# [ABOUT THIS TASK]
Return the listing below exactly as it stands. Pictures stay out.

Segment Start: COLLECTED MATERIAL

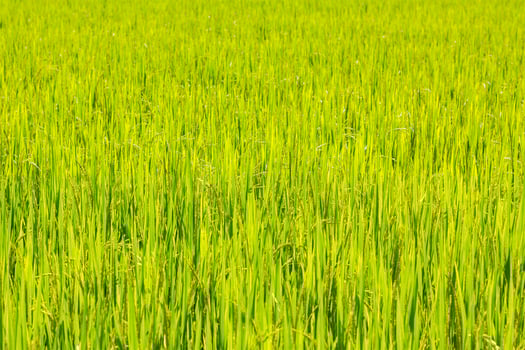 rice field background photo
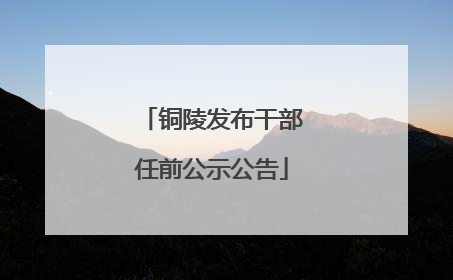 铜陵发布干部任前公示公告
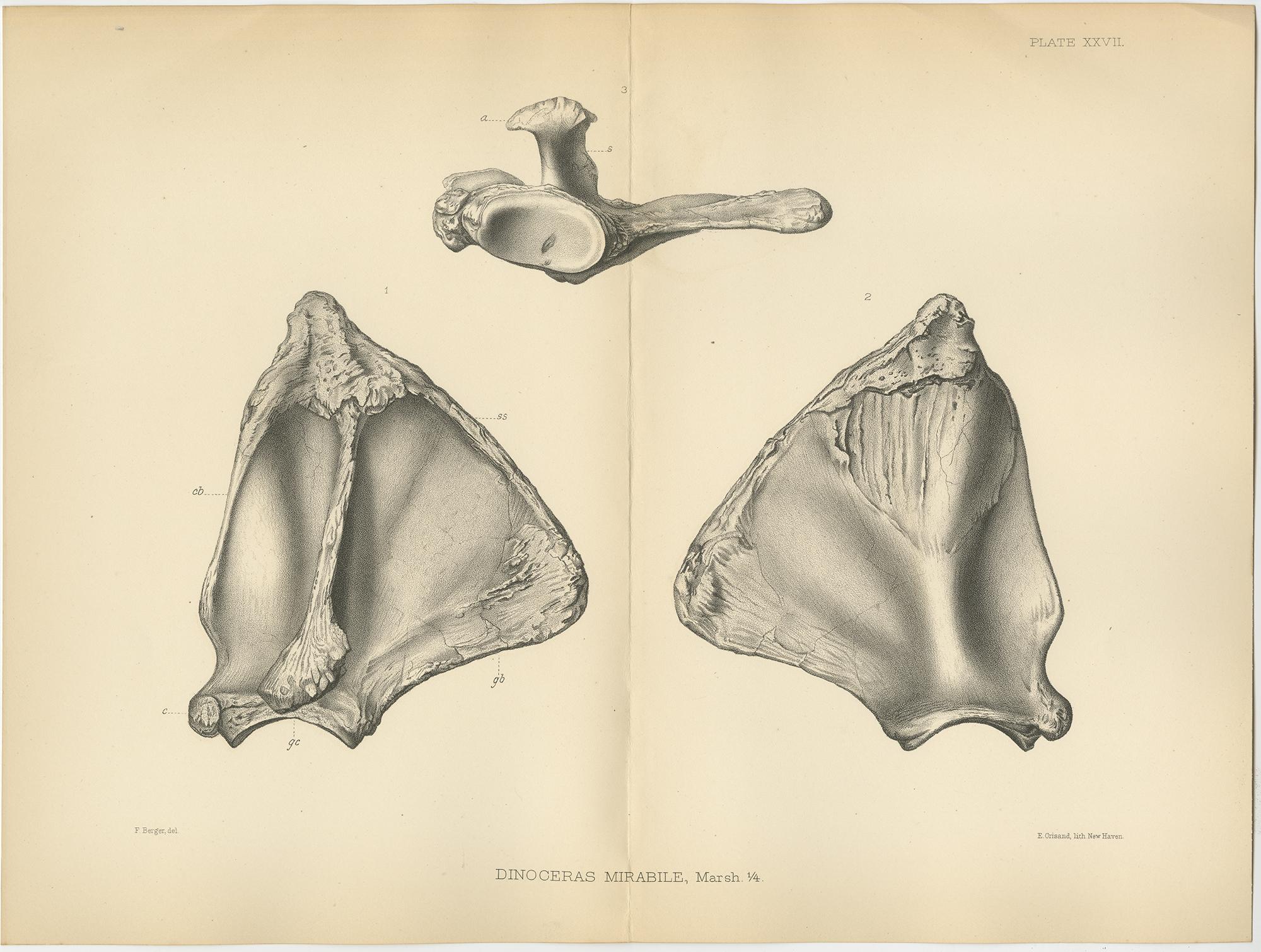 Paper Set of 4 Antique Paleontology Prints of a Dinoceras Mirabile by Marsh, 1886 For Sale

Segment End: COLLECTED MATERIAL

# [WRITTEN SOLUTION]
 rice field background photo
 铜陵发布干部任前公示公告
 Paper Set of 4 Antique Paleontology Prints of a Dinoceras Mirabile by Marsh, 1886 For Sale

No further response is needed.